And did the thought of a $5,000 prize enter in? Had she decided how she would spend it?
"It's great, especially after living a summer as a waitress," she said. "I might like to go to graduate school."
They said it
Runner: Matt Carpenter, 42.
Ran: Pikes Peak Ascent, Pikes Peak Marathon. Won men's division in both.
Asked about his decision to do a "double" (ascent followed by marathon): "I haven't done the double since 2001. You have to wait long enough to forget how stupid it is to do that."
Runner: Dave Mackey, 37.
Ran: Pikes Peak Marathon. Came in second in men's division.
Asked if the race felt any different with a major corporate sponsor: "They have those giant checks; otherwise, it's the same race."
Runner: Salynda Fleury, 22.
Ran: Pikes Peak Marathon. Came in first in women's division.
Asked about her training: "I trained with my dog, Pepper, a husky-rottweiler mix. Pepper is the best dog in the world."
Runner: Hobie Call, 30.
Ran: Pikes Peak Ascent. Came in second in men's division.
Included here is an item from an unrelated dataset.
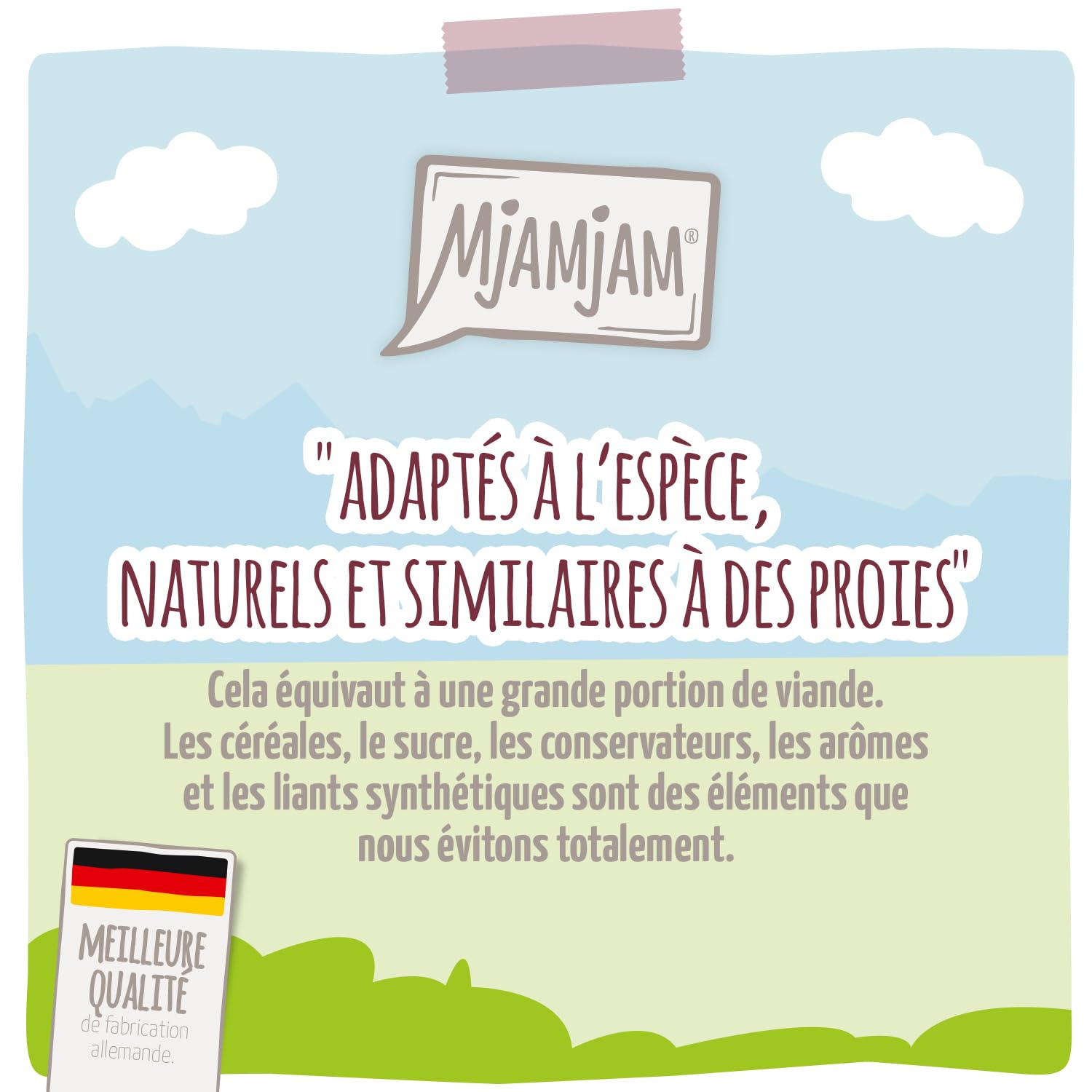 MjAMjAM - nourriture humide premium pour chats - gibier copieux et lapin aux myrtilles fruitées, paquet de 6 (6 x 200 g), sans céréales avec supplément de viande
Asked to describe the race he ran: "I thought I had it, and then I heard footsteps behind me. I knew it was Matt."
Runner: Bernie Boettcher, 44.
Ran: Pikes Peak Marathon. Came in third in men's division.
Asked to describe his running strategy: "Since I turned 40, I'm seeing how many different races I can run. The count so far? 263 races, 112 wins, 210 master wins."
Runner: Cindy O'Neill, 45.
Ran: Pikes Peak Ascent. Came in third in women's division.
Asked how she would spend her prize money: "I'm going to Switzerland to a race. It will come in handy."
Runner: Sander Rigney, 34.
Ran: Pikes Peak Ascent. Came in 88th in men's division.
Asked why he ran the race in a foam hot dog costume: "I thought I would have fun. Why not? People can't take themselves too seriously."